HHS Inspector General Recommends More Safeguards for Patient Data
The National Institutes of Health must do more to ensure that its electronic health records system is secure and that patient data is kept safe and confidential, according to an audit by the U.S. Department of Health and Human Services’ Office of Inspector General.
The HHS OIG audit, released March 2, found that while NIH has used some security controls over its electronic health records, more needs to be done, including better back-up and recovery plans, as well as ensuring that software and hardware are up-to-date and supported by their manufacturers. The audit was conducted by the Minneapolis law firm CliftonLarsonAllen LLP on behalf of HHS’ OIG.
The audit looked at the NIH’s Clinical Research Information System, which contains EHRs for patients of the NIH Clinical Center, a hospital based in Maryland that conducts clinical research.
“NIH’s information security policies and practices were not operating effectively to preserve the security, confidentiality, integrity, and availability of NIH’s [EHR] information and information systems, resulting in potential risks of unauthorized access, use, disclosure, disruption, modification or destruction,” according to the audit.
NIH officials agreed with the audit’s recommendations and said they are working to implement them, according to the report.
In the audit, investigators found that NIH had not fully implemented certain IT and security requirements in order to protect the Clinical Research Information System’s electric health records. The report found weaknesses in access controls, contingency planning and IT maintenance.
The report focused on three areas that need improvement:
- NIH located its alternate IT processing site for the EHR system in the same geographic location as the primary site.
- NIH failed to upgrade all servers supporting the EHR information system in a timely manner, delaying software upgrades until system upgrades had been completed.
- NIH did not effectively implemented account management processes to ensure that terminated employees users and inactive accounts were promptly deactivated.
Under guidelines provided by the U.S. National Institute of Standards and Technology, organizations are encouraged to minimize their security risks by having an alternate IT processing site located in a different geographic area to ensure that an organization can access its back-up systems in the case a catastrophic event.
The HHS OIG audit, however, found that the primary and alternate processing NIH sites were located in buildings adjacent to each other on the same campus.
“As a result, the hospital may not have an alternative means to access EHR data because one threat could halt processing at both sites,” the HHS OIG report notes.
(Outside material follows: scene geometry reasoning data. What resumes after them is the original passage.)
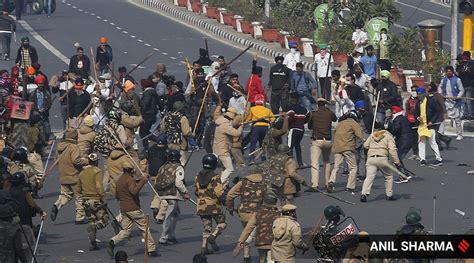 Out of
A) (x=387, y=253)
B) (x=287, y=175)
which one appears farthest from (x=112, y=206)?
(x=387, y=253)

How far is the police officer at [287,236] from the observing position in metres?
18.8

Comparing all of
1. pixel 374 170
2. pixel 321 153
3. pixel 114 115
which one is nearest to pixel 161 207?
pixel 114 115

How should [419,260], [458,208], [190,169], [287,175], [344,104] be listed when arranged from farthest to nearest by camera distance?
[344,104] → [190,169] → [458,208] → [287,175] → [419,260]

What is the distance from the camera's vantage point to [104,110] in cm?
3164

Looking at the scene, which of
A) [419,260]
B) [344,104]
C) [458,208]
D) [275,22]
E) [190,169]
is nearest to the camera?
[419,260]

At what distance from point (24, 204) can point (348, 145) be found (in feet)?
23.1

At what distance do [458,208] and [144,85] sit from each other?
301 inches

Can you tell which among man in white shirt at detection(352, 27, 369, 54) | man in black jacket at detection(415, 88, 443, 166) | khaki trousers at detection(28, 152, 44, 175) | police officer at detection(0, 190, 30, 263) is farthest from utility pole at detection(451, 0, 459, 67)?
police officer at detection(0, 190, 30, 263)

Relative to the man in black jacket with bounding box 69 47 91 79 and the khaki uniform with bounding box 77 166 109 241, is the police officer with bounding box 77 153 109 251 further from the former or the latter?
the man in black jacket with bounding box 69 47 91 79

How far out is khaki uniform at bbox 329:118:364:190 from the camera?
26.2 metres

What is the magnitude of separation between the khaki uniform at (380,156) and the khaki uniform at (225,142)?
84.9 inches

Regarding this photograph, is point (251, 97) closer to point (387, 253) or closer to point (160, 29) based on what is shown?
point (387, 253)

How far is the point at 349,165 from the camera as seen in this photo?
26359mm

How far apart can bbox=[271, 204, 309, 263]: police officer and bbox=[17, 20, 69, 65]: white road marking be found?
27343 millimetres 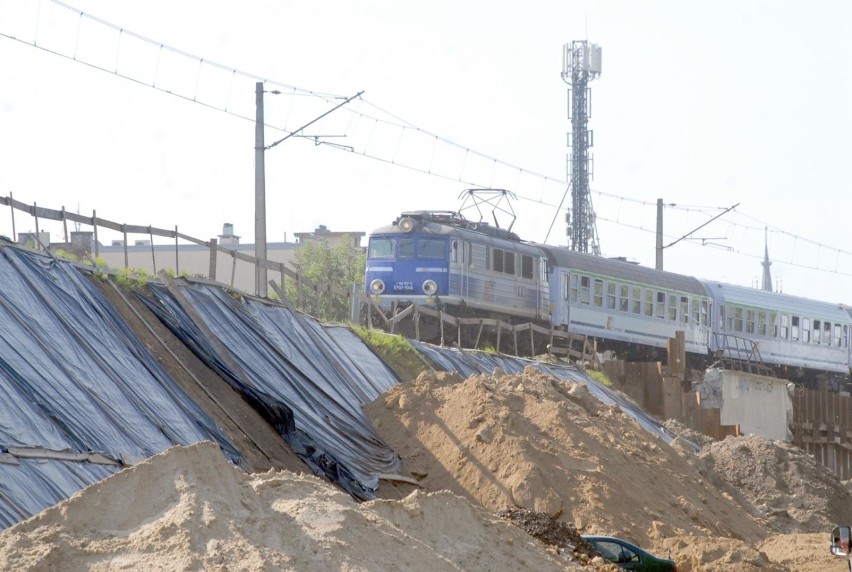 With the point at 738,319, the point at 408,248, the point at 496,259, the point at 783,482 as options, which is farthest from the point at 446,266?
the point at 738,319

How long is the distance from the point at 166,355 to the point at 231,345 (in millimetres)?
2117

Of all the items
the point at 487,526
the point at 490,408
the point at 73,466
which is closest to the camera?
the point at 487,526

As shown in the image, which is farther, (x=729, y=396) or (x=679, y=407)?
(x=729, y=396)

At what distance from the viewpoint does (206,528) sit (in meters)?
9.31

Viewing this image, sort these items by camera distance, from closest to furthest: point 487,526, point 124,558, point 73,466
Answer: point 124,558 → point 487,526 → point 73,466

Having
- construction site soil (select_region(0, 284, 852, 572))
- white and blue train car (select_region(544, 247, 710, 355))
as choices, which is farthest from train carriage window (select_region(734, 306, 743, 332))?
construction site soil (select_region(0, 284, 852, 572))

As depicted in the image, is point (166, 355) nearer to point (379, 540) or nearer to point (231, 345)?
point (231, 345)

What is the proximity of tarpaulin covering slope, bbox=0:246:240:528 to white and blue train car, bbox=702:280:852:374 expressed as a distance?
31.3 m

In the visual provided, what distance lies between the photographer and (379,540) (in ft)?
33.1

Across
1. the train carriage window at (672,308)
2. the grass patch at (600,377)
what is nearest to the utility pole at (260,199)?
the grass patch at (600,377)

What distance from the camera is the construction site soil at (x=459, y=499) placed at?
30.8 ft

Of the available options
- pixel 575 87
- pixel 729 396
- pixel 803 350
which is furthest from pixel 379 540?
pixel 575 87

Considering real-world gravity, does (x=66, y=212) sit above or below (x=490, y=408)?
above

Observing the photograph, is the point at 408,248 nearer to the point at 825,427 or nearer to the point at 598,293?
the point at 598,293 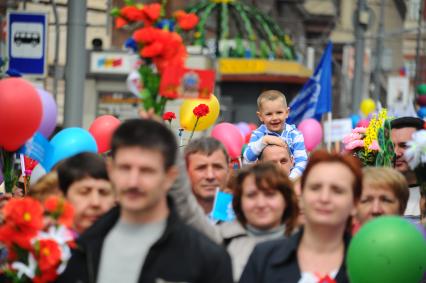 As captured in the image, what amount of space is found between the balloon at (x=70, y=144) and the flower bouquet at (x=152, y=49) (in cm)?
344

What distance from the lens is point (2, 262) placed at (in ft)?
19.4

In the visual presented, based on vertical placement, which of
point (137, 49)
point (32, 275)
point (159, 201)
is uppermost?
point (137, 49)

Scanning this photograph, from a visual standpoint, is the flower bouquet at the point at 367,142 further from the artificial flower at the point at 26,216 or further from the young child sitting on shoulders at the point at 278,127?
the artificial flower at the point at 26,216

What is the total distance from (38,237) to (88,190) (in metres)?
0.51

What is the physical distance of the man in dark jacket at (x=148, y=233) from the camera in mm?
5215

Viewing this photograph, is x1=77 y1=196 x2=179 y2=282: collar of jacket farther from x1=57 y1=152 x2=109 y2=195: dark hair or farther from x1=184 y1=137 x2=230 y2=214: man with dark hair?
x1=184 y1=137 x2=230 y2=214: man with dark hair

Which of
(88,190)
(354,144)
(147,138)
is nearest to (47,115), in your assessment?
(354,144)

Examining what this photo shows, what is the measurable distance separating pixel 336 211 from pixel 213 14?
132 ft

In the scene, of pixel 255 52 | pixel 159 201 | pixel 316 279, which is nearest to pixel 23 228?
pixel 159 201

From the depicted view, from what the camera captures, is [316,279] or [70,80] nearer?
[316,279]

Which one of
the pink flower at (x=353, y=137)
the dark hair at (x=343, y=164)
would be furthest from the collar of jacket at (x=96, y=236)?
the pink flower at (x=353, y=137)

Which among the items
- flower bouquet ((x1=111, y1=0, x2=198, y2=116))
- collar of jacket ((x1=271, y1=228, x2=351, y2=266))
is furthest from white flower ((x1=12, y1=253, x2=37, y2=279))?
collar of jacket ((x1=271, y1=228, x2=351, y2=266))

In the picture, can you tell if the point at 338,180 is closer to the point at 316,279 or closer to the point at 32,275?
the point at 316,279

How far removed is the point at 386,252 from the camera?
18.8ft
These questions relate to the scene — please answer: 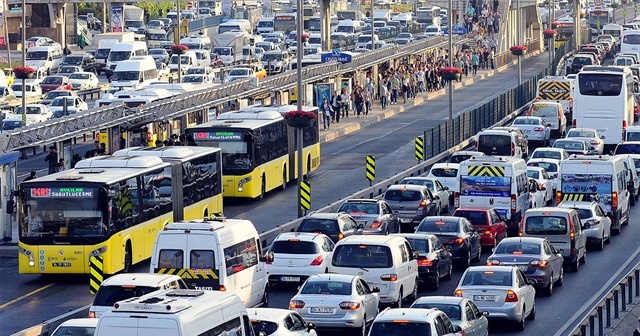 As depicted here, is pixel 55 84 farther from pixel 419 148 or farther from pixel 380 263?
pixel 380 263

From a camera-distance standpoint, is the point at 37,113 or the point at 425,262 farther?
the point at 37,113

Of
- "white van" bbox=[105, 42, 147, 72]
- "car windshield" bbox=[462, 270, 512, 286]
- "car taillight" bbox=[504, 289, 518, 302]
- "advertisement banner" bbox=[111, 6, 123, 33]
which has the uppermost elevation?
"advertisement banner" bbox=[111, 6, 123, 33]

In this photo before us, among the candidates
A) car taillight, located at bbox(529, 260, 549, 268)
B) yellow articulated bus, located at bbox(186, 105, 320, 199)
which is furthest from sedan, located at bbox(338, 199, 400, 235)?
yellow articulated bus, located at bbox(186, 105, 320, 199)

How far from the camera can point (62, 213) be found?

In addition, the audit found that NIH had four Clinical Research Information System servers running on outdated Microsoft software because the agency was in the middle of a updating its hardware, the report notes. The hardware upgrades would also include new software, but at the time of the audit, the NIH had not installed this new hardware.
The audit also found the nine out of 61 terminated users had active accounts in the Clinical Research Information System, and 19 out of 25 inactive accounts had not been deactivated.
“Inactive accounts that are not disabled when employees separate from NIH may be used to gain access to NIH data and sensitive information,” hence risking health record data leaks or breaches, the audit states.
NIH officials said they’re working on following NIST guidelines for separate processing centers, upgrading outdated software and ensuring that outdated users accounts are removed.
NIH officials noted that budget restraints were the main reason why the primary and back-up processing centers were located in the same areas. To mitigate the issues, NIH is now using servers and back-up systems provided by a third-party vendor that will help back-up the electronic records in a different location, according to the audit.
In addition, NIH is upgrading four servers updated Microsoft software, and the agency is fixing its automated user account management tool that was supposed to identify inactive accounts and employees who had been terminated.